Sample code solution:
(Tap below to reveal)

let x = 5;
x++;
print('x is ' + x);
x--;
print('x is now ' + x);

Javascript Concepts: Variables (let), Increment (++), Decrement (--)

Grasshopper Concepts: print()


#4

I cannot add to a string inside a bracket . When I type ‘x is now’ I cannot add + x between the end of the string and the bracket.
Hope I have explained my problem so that it can be understood!


#5

OK, no need to reply. I fixed it by not doing this by myself, rather just reverting to the original and adding one operator, which I see now was the intention.


#6

Hi,

I don’t understand from where is coming that string ‘x is” and ‘x is now’.

Probably because of that, that we changed the value of x. But I’m not sure how to use it…

I’m looking forward for your help.
Thank u!
Nina


#7

Btw. I just realized as well, that is a “let”, so what about print in {} if is “let” not a var?

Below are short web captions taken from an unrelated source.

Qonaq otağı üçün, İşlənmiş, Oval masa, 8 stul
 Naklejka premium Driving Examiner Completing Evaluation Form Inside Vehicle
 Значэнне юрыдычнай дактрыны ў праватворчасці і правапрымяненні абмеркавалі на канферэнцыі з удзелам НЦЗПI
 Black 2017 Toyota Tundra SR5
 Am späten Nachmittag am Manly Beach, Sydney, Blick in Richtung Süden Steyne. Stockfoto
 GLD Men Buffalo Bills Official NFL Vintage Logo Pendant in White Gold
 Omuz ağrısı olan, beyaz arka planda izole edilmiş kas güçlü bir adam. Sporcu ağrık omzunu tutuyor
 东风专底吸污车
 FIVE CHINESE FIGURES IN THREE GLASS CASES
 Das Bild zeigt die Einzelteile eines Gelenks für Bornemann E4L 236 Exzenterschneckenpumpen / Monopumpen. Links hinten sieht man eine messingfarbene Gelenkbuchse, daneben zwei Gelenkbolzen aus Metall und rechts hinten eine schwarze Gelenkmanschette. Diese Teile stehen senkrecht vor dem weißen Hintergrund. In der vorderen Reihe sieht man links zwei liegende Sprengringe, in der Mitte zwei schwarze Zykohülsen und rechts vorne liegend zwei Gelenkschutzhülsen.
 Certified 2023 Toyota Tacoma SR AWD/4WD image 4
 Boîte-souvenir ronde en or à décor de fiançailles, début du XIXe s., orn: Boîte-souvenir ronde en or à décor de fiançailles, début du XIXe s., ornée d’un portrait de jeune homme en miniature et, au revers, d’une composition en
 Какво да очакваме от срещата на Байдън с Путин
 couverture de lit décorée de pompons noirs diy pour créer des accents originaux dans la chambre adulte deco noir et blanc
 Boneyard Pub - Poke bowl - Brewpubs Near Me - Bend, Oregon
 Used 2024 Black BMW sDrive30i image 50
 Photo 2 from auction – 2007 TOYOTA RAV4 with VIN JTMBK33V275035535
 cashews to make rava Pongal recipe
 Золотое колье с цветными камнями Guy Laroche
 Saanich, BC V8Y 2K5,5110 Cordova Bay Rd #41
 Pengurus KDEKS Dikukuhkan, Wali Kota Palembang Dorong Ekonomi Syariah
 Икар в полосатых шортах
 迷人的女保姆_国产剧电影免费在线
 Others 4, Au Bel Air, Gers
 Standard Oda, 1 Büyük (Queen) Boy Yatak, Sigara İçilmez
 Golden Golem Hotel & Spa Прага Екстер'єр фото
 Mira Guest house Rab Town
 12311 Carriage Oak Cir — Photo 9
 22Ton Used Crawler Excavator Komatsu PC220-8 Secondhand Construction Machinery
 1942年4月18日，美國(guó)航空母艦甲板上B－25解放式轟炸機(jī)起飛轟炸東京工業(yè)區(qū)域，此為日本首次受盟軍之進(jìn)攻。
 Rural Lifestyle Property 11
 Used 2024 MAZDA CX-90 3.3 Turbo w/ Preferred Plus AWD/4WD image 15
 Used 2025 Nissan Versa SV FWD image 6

Help, i stuck, totally :frowning:
I mean, that exercise i finished correct, but i don’t understand it really.
Thank u!


#8

The strings 'x is' and 'x is now' are not special. We could have used 'The value of the variable is ' and 'After updating x, it has a value of ', or any other string. Those strings are being combined with value of x using the + symbol. When you use + with a string and a variable, it will try to convert the variable into a string and then combine them to create a single string. In this puzzle, the strings don’t actually change the value of the x variable; they’re just used to help us know what the number being printed out is representing.

–Frankie


#9

With this puzzle, a let and var would behave the same way because there are no separate code blocks {} as you mentioned. If you use let in your code, it doesn’t mean that you need to add curly brackets {}; it only means that if there is a code block, then the let can’t leave it. If a let variable is created and it’s not inside of any curly brackets, then there is no boundary on where that variable can be used, except that you can’t use it before you’ve created it.

In this example code, I’ve written 'yes' where the x can be used, and 'no' where it cannot be used:

'no'
{ //Beginning of the let's code block
  'no, not created yet'
  let x = 0;
  'yes, same block'
  {
    'yes, still inside the bigger block'
  }
  'yes'
} // End of the let's code block
'no'
{
  'no'
}
'no'

–Frankie